Task objective: Give the listing again word for word. Skip the pictures.

Source data:
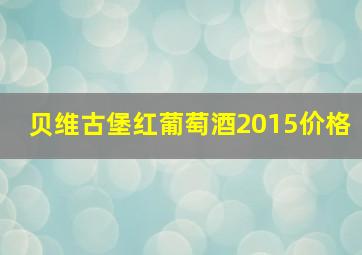 贝维古堡红葡萄酒2015价格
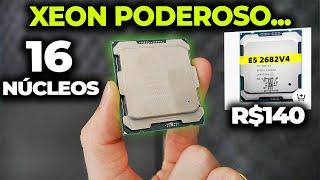 XEON DE 16 NÚCLEOS POR R$140 SERIA O MELHOR NESSE PREÇO? XEON E5 2682 V4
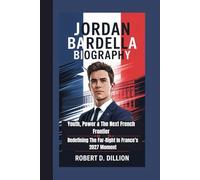 JORDAN BARDELLA BIOGRAPHY: Youth, Power & The Next French Frontier - Redefining The Far-Right In France’s 2027 Moment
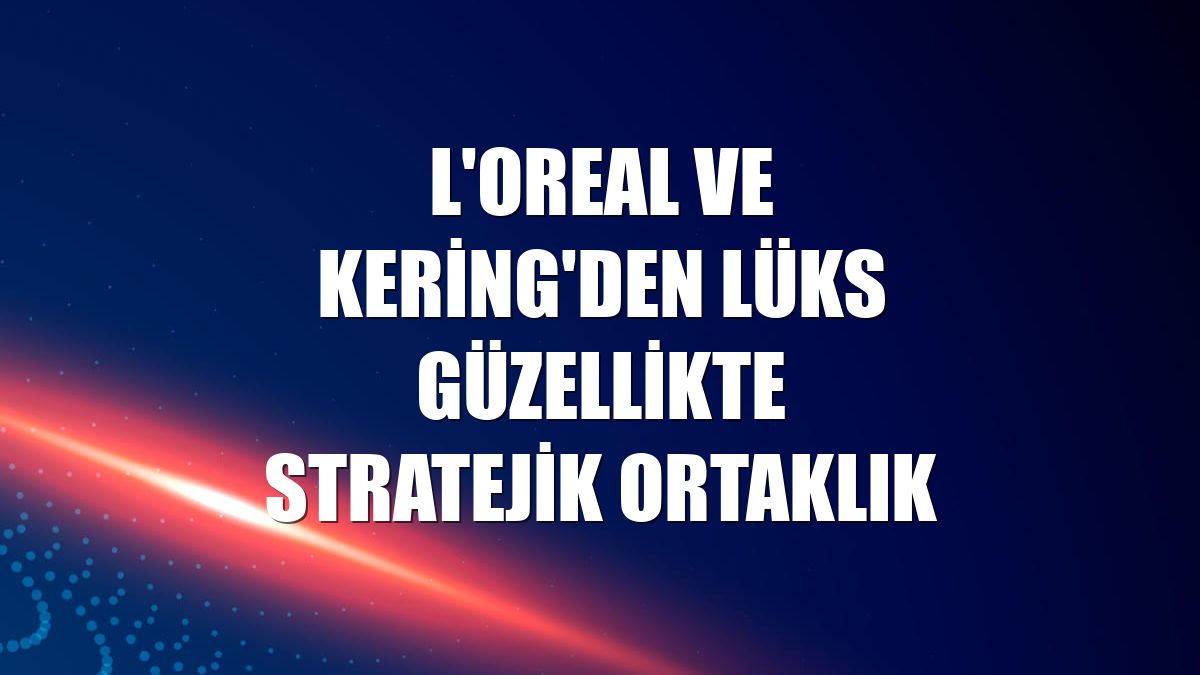 L'Oreal ve Kering'den lüks güzellikte stratejik ortaklık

Expected output:
 贝维古堡红葡萄酒2015价格
 XEON DE 16 NÚCLEOS POR R$140 SERIA O MELHOR NESSE PREÇO? XEON E5 2682 V4
 JORDAN BARDELLA BIOGRAPHY: Youth, Power & The Next French Frontier - Redefining The Far-Right In France’s 2027 Moment
 L'Oreal ve Kering'den lüks güzellikte stratejik ortaklık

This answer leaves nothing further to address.